An FSM framework is defined by its different states and transitions between states. Each FSM begins with a start state when it receives an input string. The first recognized input symbol in the input string determines the next state based on customizable rules defined in the state model section of standardizer.xml. The next recognized input symbol determines the transition to the next state. This continues until no symbols are recognized and the termination state is reached.

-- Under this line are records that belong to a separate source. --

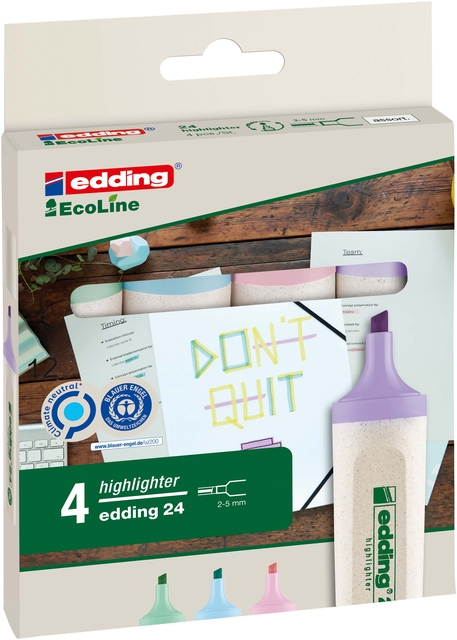 Markeerstift edding 24 EcoLine pastel assorti set à 4 stuks Markeerstift edding 24 EcoLine pastel assorti set à 4 stuks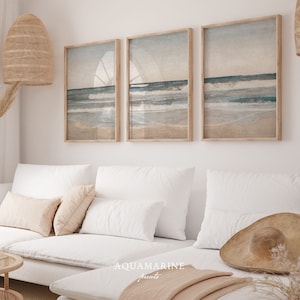 IMPRESIÓN Y ENVÍO, conjunto de 3 impresiones de paisajes de playa, arte de pared impreso con paisaje marino, arte de pared costero, arte de pared de casa de playa, impresiones de arte enviadas por correo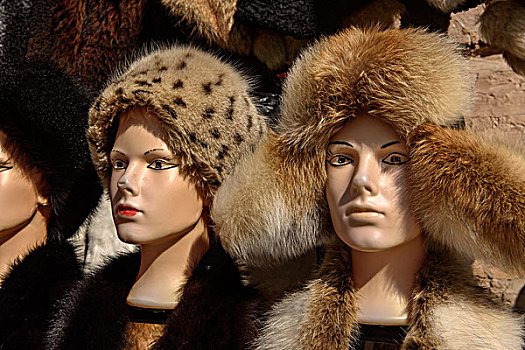 裘皮帽,出售,人体模型,乌兹别克斯坦,亚洲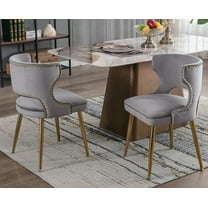 Guyou Modern Dining Chairs Set of 2, Mid-century Upholstered Velvet Armless Side Chair with Nailhead Trim and Curved Back for Dining Room Living Room Kitchen, Grey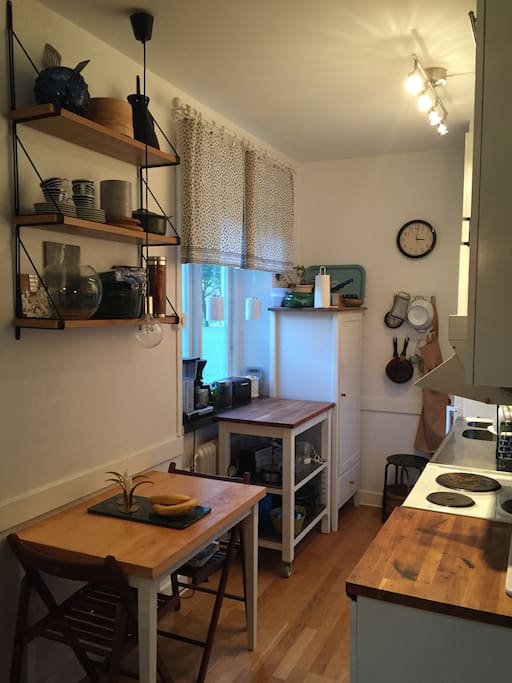 Kitchen with a table for two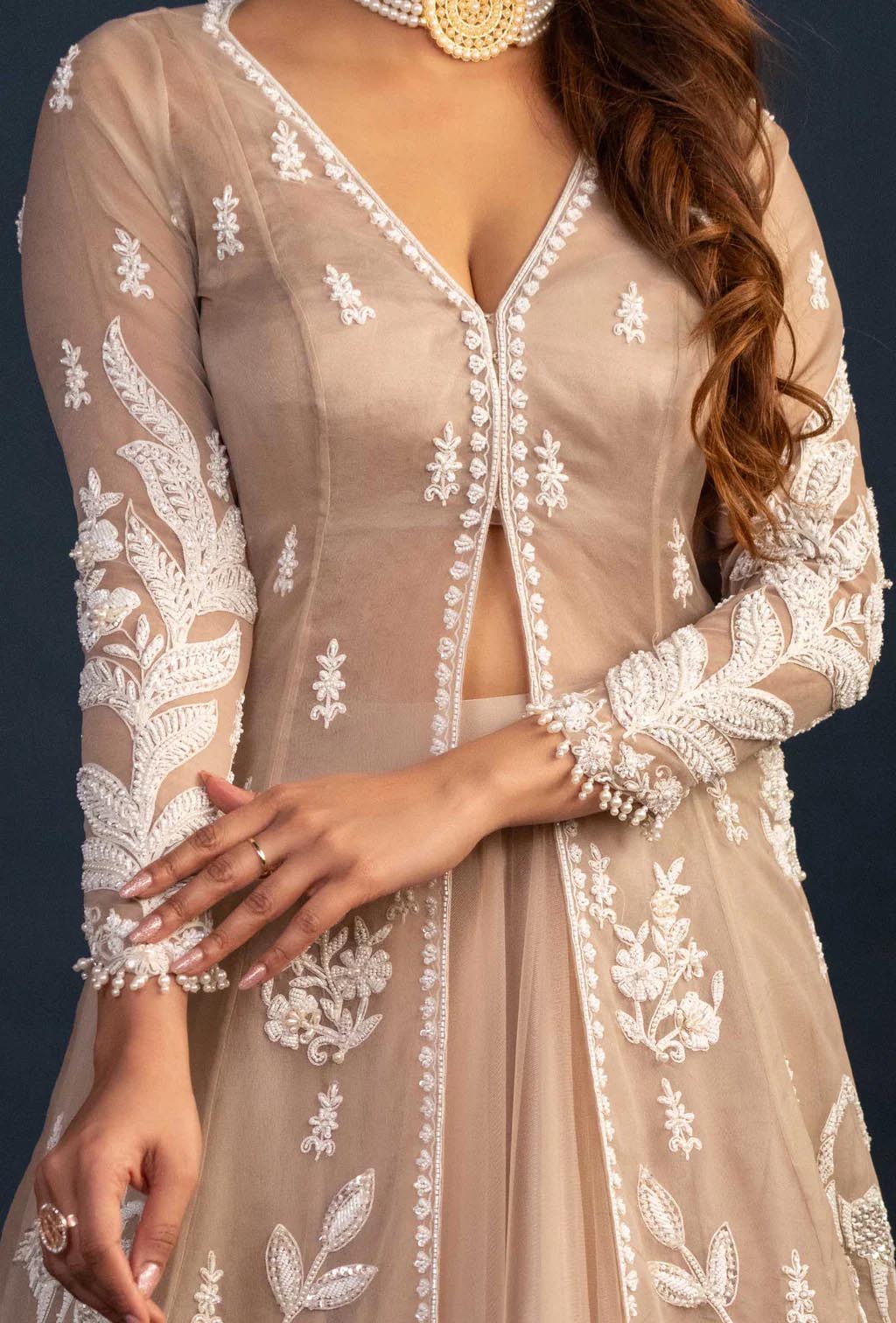 Athena Dusky Beige Plunging V-Neck Jacket Lehenga Set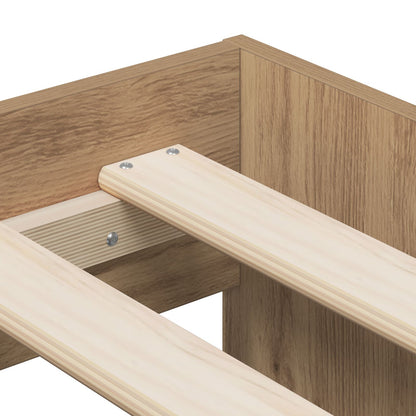 Opslagbed Massief Eiken Bewerkt Hout 75 X 190 Cm Opslagbedframe Artisanaal Eiken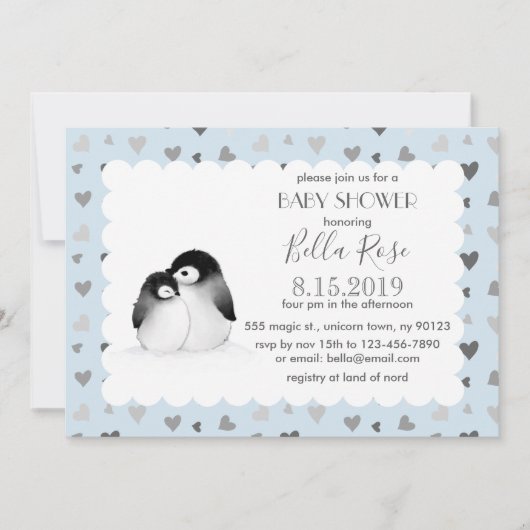 Blauwe grijze harten Penguins Baby Shower Invitati Kaart (Voorkant)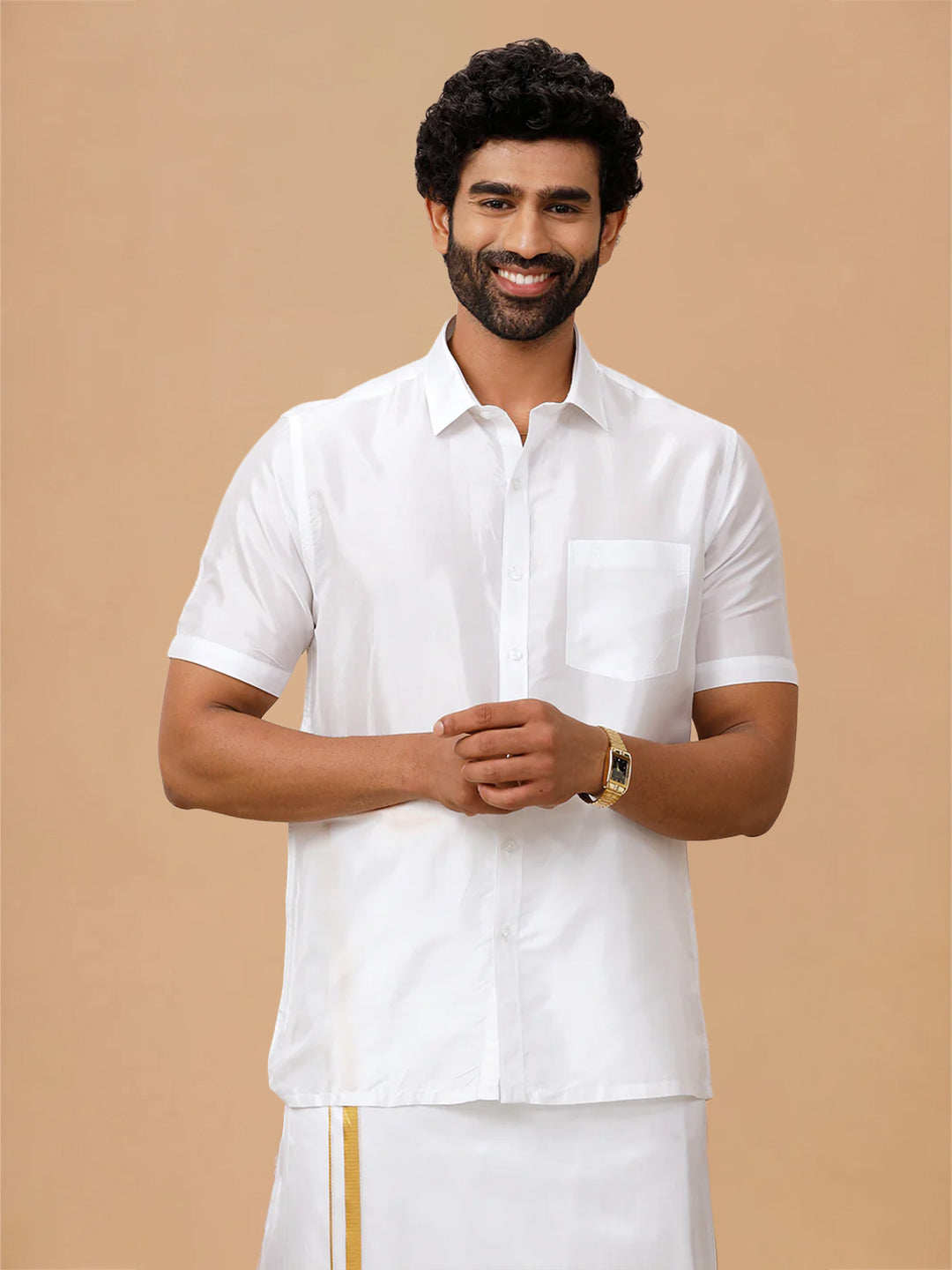 Pure Silk White Shirt – Silk Mark Certified | Wedding Wear
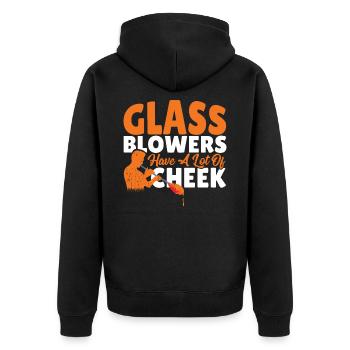 Glassblowers Have A Lot Of Cheek Glassblowing - Unisex Premium Organic Zip Hoodie - black - Back - Nico (187cm)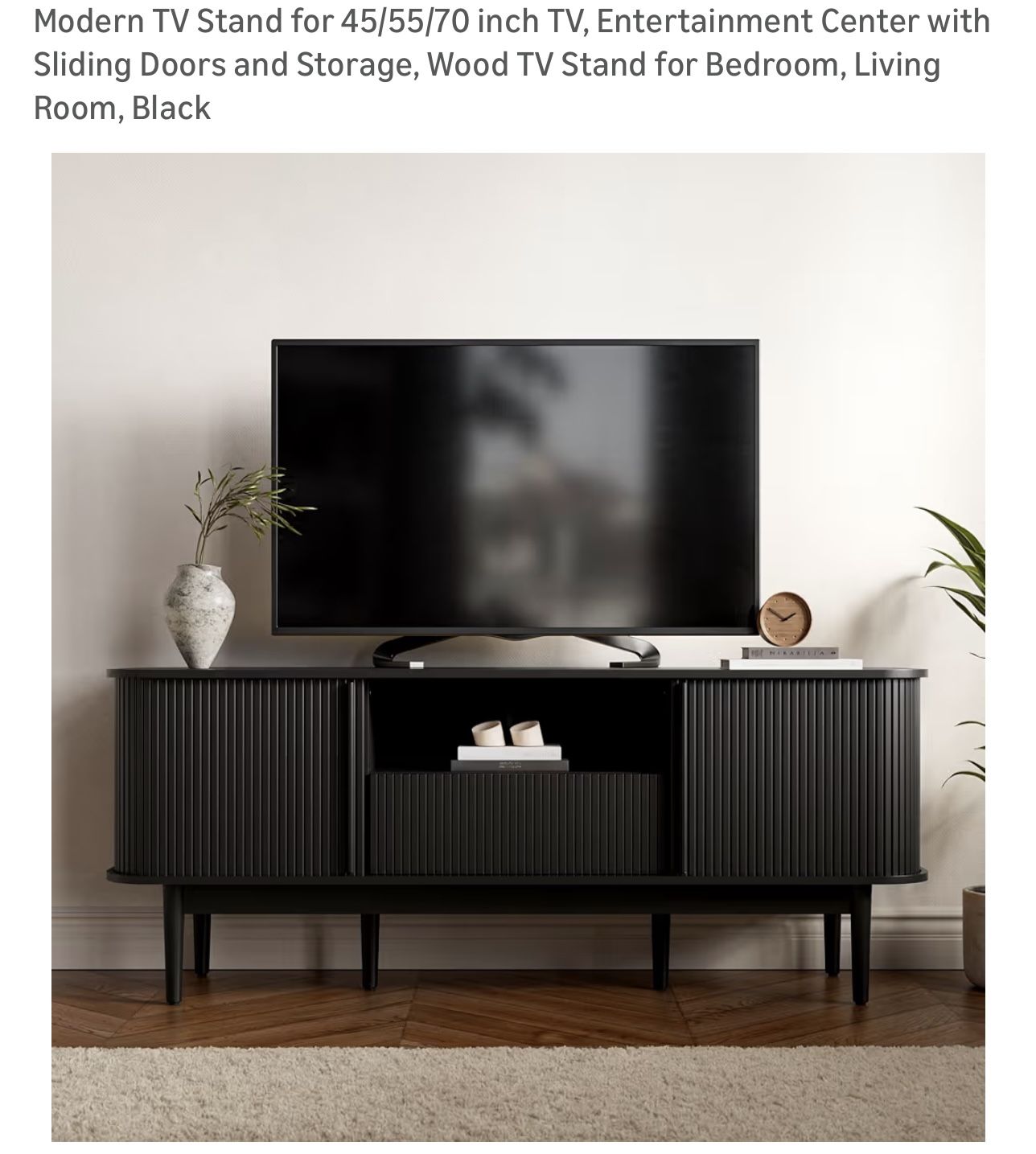 Modern TV Stand for 45/55/70 inch TV, Entertainment Center with Sliding Doors and Storage, Wood TV Stand for Bedroom, Living Room, Black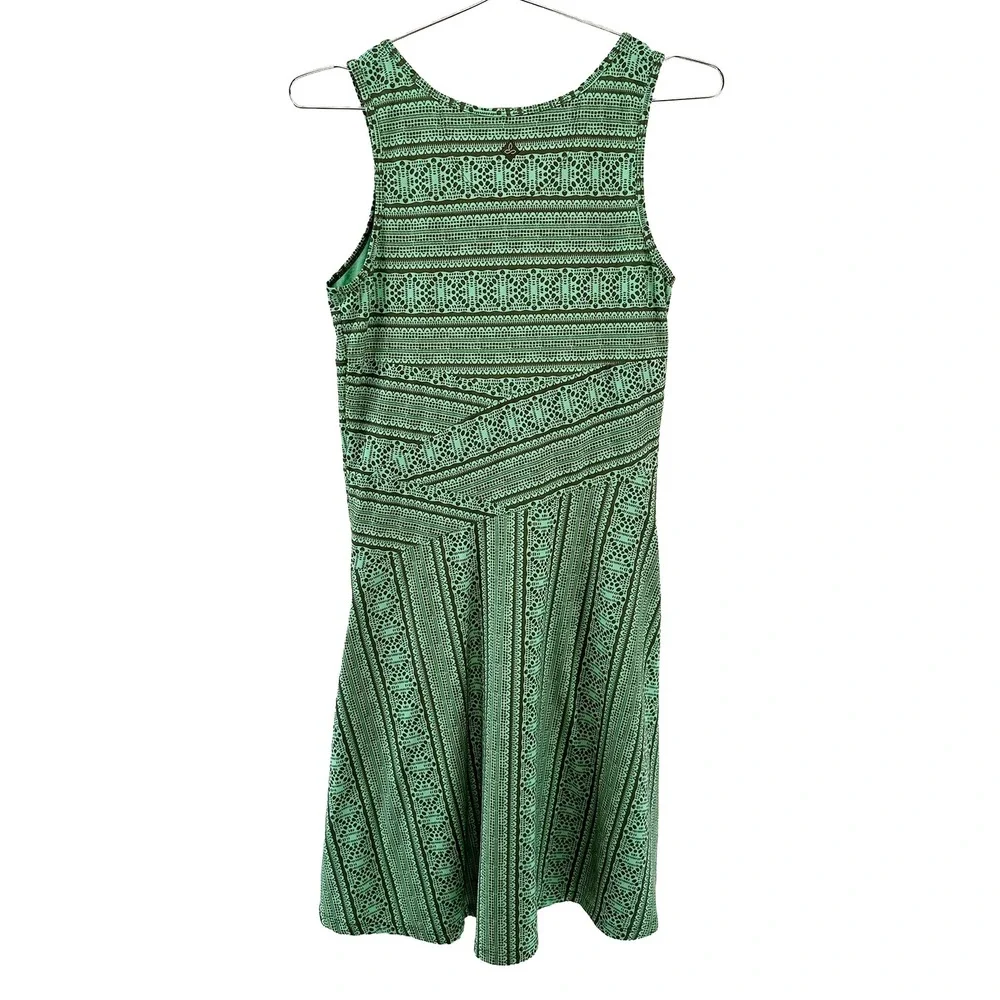 PRANA Jersey Athleisure Casual Dress • Small • green all-over-print • boho chic - Picture 4 of 7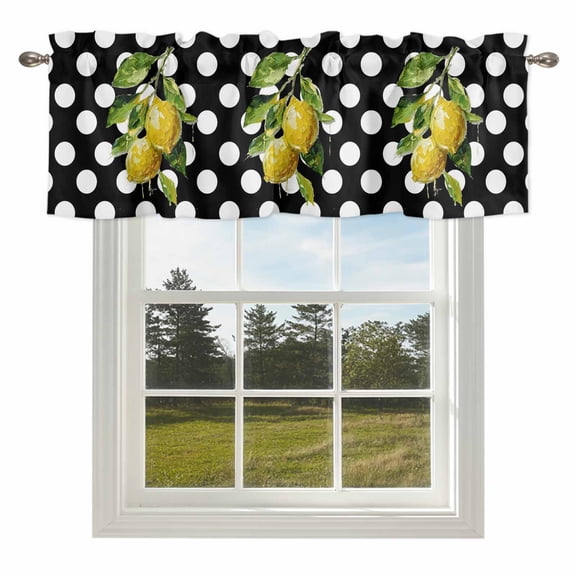 Yellow Lemons Valances for Windows, 42x12in, Hand-painted Style Lemon Classic White Polka Dots Rod Pocket Kitchen Valance Curtain Light Filtering Window Treatments for Living Room Bedroom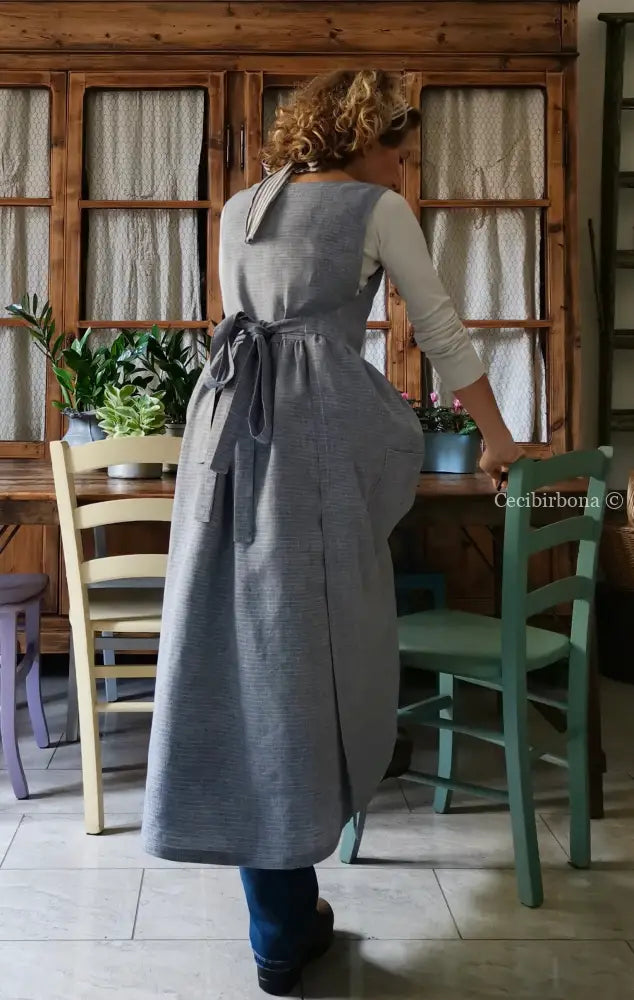 Grembiule da cucina per donna in lino azzurro (Ref. 89) grembiule donna tessuti moderni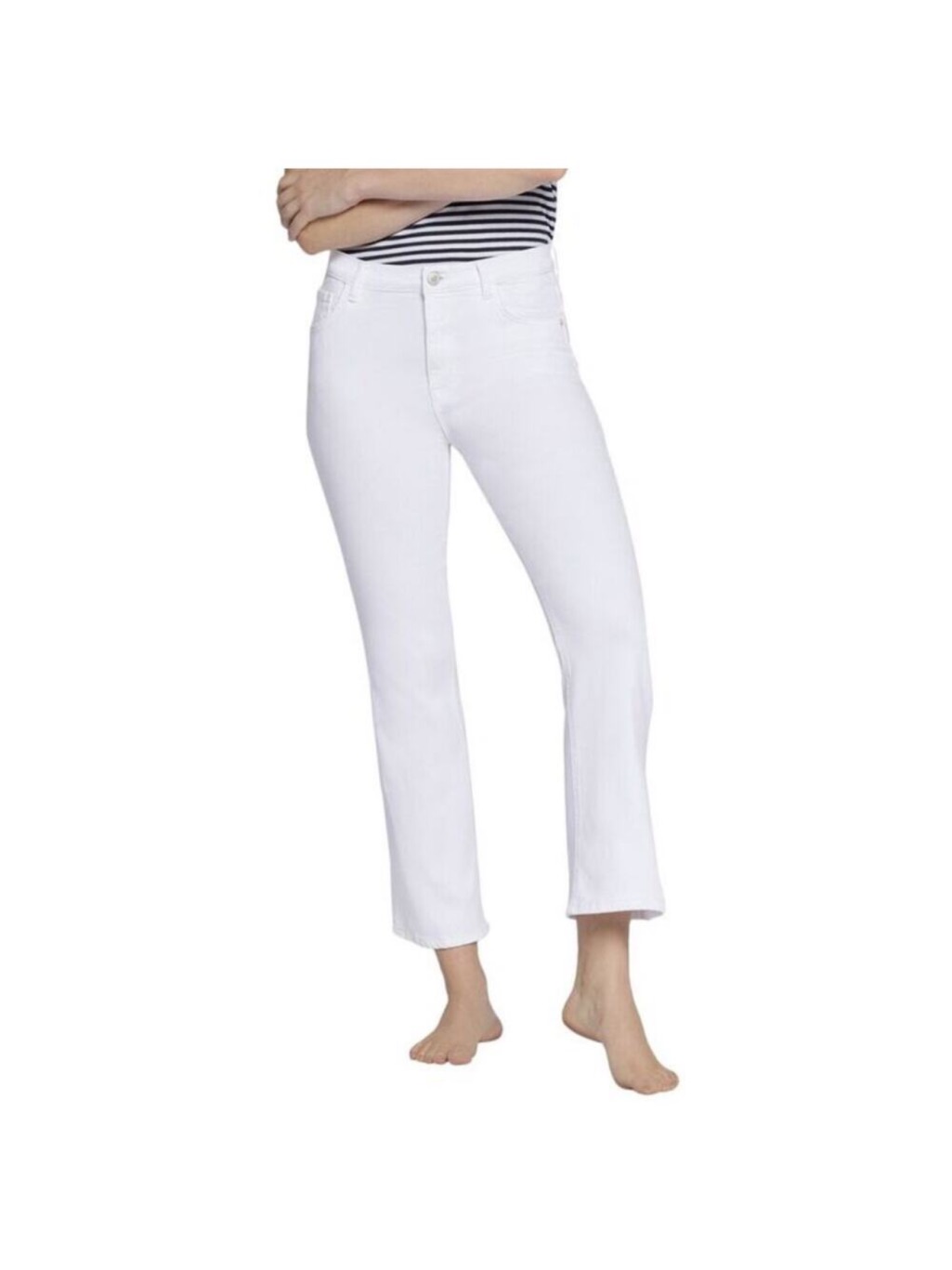 Nwt Current/Elliott The Boulevard White Mid Rise Cropped Straight Jeans Sz 26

Below is an excerpt from the state definitions for the PersonName data type. In this state, the first name has been processed and the standardization engine is looking for one of the following: a first name (indicating a middle name), a last name, an abbreviation (indicating a middle initial), a conjunction, or a nickname. A probability is given for each of these symbols indicating how likely it is to be the next token.


<stateModel name="start">
   <when inputSymbol="salutation" nextState="salutation" 
         outputSymbol="salutation" probability=".15"/>
   <when inputSymbol="givenName" nextState="headingFirstName" 
         outputSymbol="firstName" probability=".6"/>
   <when inputSymbol="abbreviation" nextState="headingFirstName" 
         outputSymbol="firstName" probability=".15"/>
   <when inputSymbol="surname" nextState="trailingLastName" 
         outputSymbol="lastName" probability=".1"/>
   <state name="headingFirstName">
      <when inputSymbol="givenName" nextState="headingMiddleName" 
            outputSymbol="middleName" probability=".4"/>
      <when inputSymbol="surname" nextState="headingLastName" 
            outputSymbol="lastName" probability=".3"/>
      <when inputSymbol="abbreviation" nextState="headingMiddleName" 
            outputSymbol="middleName" probability=".1"/>
      <when inputSymbol="conjunction" nextState="headingFirstName" 
            outputSymbol="conjunction" probability=".1"/>
      <when inputSymbol="nickname" nextState="firstNickname" 
            outputSymbol="nickname" probability=".1"/>
   </state>
   ...

The following table lists and describes the XML elements and attributes for the standardization state definitions.

Element 

Attribute 

Description 

stateModel 

 

The primary container element for the state model that includes the definitions for each state in the FSM. This element contains a series of when elements as described below to define the transitions from the start element to any of the other states. It also contains a series of state elements that define the remaining FSM states.

 

name 

The name of start state (by default, “start”). 

state 

 

A definition for one state in the FSM (not including the start state). Each state element contains a series of when elements and attributes as described above to define the processing flow.

 

name 

The name of the state. The names defined here are referenced in the nextState attributes described below to specify the next state.

when 

 

A statement defining which state to transition to and which symbol to output when a specific input symbol is recognized in each state. These elements define the possible transitions from one state to another.  

 

inputSymbol 

The name of an input symbol that might occur next in the input string. This must match one of the input symbols defined later in the file. For more information about input symbols and their processing logic, see Input Symbol Definitions.

 

nextState 

The name of the next state to transition to when the specified input symbol is recognized. This must match the name of one of the states defined in the state model section. 

 

outputSymbol 

The name of the symbol that the current state produces for when processing is complete for the state based on the input symbol. Not all transitions have an output symbol. This must match one of the output symbols defined later in the file. For more information, see Output Symbol Definitions

 

probability 

The probability that the given input symbol is actually the next symbol in the input string. Probabilities are indicated by a decimal between and including 1 and 0. All probabilities for a given state must add up to 1. If a state definition includes the eof element described below, all probabilities including the eof probability must add up to 1.

eof 

probability 

The probability that the FSM has reached the end of the input string in the current state. Probabilities are indicated by a decimal between and including 1 and 0. The sum of this probability and all other probabilities for a given state must be 1.